The problem:
Starting at the line that contains "The Spring Hotel" in the listing below, write out every line word for word until you have written the line that contains "2 Zimmer Wohnung".

++++++

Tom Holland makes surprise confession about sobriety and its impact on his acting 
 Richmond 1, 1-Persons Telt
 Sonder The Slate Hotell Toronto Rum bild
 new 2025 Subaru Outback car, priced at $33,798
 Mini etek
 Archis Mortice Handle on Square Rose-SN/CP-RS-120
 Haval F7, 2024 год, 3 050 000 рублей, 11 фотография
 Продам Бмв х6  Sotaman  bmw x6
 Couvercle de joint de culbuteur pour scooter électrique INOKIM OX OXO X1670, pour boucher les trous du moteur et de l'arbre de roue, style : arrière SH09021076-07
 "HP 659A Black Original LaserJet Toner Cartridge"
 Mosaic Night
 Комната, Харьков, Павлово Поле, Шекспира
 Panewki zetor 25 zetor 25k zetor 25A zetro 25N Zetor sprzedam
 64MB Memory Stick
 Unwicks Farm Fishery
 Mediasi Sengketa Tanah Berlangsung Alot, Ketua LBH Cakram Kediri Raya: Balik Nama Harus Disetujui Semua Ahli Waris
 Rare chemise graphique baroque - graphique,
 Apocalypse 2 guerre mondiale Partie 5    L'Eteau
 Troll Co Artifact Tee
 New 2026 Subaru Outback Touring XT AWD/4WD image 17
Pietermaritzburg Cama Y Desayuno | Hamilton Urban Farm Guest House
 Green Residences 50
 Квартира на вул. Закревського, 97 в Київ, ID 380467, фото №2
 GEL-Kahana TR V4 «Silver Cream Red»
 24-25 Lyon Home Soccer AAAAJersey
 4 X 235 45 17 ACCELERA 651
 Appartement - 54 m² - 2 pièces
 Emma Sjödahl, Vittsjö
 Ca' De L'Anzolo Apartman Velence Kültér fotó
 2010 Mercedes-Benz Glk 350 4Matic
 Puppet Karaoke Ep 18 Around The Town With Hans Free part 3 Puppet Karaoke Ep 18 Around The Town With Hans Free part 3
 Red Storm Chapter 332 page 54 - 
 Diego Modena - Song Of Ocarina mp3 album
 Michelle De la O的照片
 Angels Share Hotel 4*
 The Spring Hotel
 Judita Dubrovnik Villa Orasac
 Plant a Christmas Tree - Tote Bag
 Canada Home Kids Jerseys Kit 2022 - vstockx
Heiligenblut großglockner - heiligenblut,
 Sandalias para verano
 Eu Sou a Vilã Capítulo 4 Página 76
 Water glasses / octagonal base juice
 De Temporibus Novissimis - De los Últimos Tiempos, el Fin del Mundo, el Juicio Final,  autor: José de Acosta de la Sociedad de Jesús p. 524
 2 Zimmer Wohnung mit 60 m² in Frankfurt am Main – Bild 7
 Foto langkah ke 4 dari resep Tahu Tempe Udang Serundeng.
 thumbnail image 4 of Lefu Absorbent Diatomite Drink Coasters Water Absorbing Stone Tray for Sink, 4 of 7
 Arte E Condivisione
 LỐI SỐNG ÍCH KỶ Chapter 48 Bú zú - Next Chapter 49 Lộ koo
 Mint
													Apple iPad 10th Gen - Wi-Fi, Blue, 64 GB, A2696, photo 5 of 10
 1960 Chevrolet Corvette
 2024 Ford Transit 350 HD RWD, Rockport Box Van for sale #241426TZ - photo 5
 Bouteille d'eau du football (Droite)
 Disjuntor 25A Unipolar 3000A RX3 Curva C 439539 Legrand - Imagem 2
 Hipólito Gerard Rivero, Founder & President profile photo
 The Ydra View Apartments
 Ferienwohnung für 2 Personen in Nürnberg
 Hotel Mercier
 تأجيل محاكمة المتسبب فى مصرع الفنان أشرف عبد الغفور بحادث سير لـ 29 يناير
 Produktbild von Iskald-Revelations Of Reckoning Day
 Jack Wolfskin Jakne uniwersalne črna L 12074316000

++++++

Task response:
 The Spring Hotel
 Judita Dubrovnik Villa Orasac
 Plant a Christmas Tree - Tote Bag
 Canada Home Kids Jerseys Kit 2022 - vstockx
Heiligenblut großglockner - heiligenblut,
 Sandalias para verano
 Eu Sou a Vilã Capítulo 4 Página 76
 Water glasses / octagonal base juice
 De Temporibus Novissimis - De los Últimos Tiempos, el Fin del Mundo, el Juicio Final,  autor: José de Acosta de la Sociedad de Jesús p. 524
 2 Zimmer Wohnung mit 60 m² in Frankfurt am Main – Bild 7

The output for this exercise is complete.